Hello! I am Ashish.
I am currently a Ph.D. (CS) candidate at the University of Waterloo, supervised by Prof. Pascal Poupart. Previously, I completed my M.Math (CS) at the University of Waterloo, supervised by Prof. Krzysztof Czarnecki. A lifetime ago, I was B.E. (CSE) student in India at Birla Institute of Technology, Mesra.
Current research
As a Ph.D. candidate, my research focuses on developing methods for inverse reinforcement learning (IRL), particularly in the constrained MDP setting. I am also interested in the following related questions:
- how can we capture human preferences better? when should we use rewards and/or constraints?
- can we better characterize the underlying unidentifiability/ambiguity of reward and/or constraint recovery from expert demonstrations?

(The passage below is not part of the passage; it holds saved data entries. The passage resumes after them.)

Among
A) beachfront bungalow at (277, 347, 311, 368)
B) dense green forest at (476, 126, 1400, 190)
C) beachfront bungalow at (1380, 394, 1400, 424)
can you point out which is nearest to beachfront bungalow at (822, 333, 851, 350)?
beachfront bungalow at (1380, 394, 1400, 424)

- if we know something about the causal structure, can we improve reward and constraint recovery and/or specification?
Past research
I was a part of the Waterloo Intelligent Systems Engineering (WISE) lab during my Master’s programme. I was also a part of the behavior planning team for autonomoose, Waterloo’s self driving car project. Broadly, I worked on the following topics:
- safe reinforcement learning
- Linear Temporal Logic (LTL) based reward specification
- continual learning, both in the context of classification and reinforcement learning
- out-of-distribution detection